TribunJabar/

Terancam Hukuman Mati, Narapidana di Lapas Aceh Masih Berani Kendalikan Peredaran 220 kg Sabu

Buwas mengatakan meski terancam hukuman mati, Dulah masih tetap berani mengendalikan narkotika.
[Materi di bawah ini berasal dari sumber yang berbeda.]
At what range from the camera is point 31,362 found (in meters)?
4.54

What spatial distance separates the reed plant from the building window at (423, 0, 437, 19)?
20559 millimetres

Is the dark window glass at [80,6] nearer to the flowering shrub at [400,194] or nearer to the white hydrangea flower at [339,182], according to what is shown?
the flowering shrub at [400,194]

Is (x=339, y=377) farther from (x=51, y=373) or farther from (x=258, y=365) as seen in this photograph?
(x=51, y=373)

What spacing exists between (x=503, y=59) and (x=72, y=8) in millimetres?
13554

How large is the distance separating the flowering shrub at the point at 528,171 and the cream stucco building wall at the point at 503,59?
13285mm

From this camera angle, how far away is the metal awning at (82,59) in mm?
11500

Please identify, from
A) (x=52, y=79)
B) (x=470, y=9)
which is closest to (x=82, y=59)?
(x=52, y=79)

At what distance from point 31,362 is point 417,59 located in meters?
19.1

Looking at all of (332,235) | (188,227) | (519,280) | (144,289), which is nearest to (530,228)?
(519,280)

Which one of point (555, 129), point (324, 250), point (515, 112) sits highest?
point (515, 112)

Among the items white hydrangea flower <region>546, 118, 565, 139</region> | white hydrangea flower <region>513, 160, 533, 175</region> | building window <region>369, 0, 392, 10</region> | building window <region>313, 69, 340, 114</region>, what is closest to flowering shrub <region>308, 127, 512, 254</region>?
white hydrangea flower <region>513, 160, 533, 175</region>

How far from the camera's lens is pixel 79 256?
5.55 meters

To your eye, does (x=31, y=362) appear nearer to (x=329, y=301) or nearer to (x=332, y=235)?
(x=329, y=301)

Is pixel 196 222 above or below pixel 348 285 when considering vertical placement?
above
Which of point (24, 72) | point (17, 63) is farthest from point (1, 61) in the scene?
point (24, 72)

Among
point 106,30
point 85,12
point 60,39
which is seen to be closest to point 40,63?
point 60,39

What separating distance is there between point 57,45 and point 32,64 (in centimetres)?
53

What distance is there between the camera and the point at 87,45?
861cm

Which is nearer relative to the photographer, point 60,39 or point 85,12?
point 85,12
Terancam Hukuman Mati, Narapidana di Lapas Aceh Masih Berani Kendalikan Peredaran 220 kg Sabu
dennis destryawan/tribunnews.com
Dulah, seorang narapidana Lembaga Pemasyarakat Aceh, mengendalikan peredaran gelap narkotika sebanyak 220 kilogram sabu, ribuan pil ekstasi, serta pil happy five dari jaringan Malaysia-Aceh. 

TRIBUNJABAR.CO.ID, JAKARTA - Dulah, seorang narapidana Lembaga Pemasyarakat Aceh, mengendalikan peredaran gelap narkotika sebanyak 220 kilogram sabu, ribuan pil ekstasi, serta pil happy five dari jaringan Malaysia-Aceh.

"Peredaran dilakukan oleh Dulah, seorang napi yang dulu sempat kabur dan ditangkap BNN sekarang dia di lapas Langsa," ujar Kepala BNN Komjen Pol Budi Waseso, di kantor BNN, Cawang, Jakarta Timur, Kamis (9/11/2017).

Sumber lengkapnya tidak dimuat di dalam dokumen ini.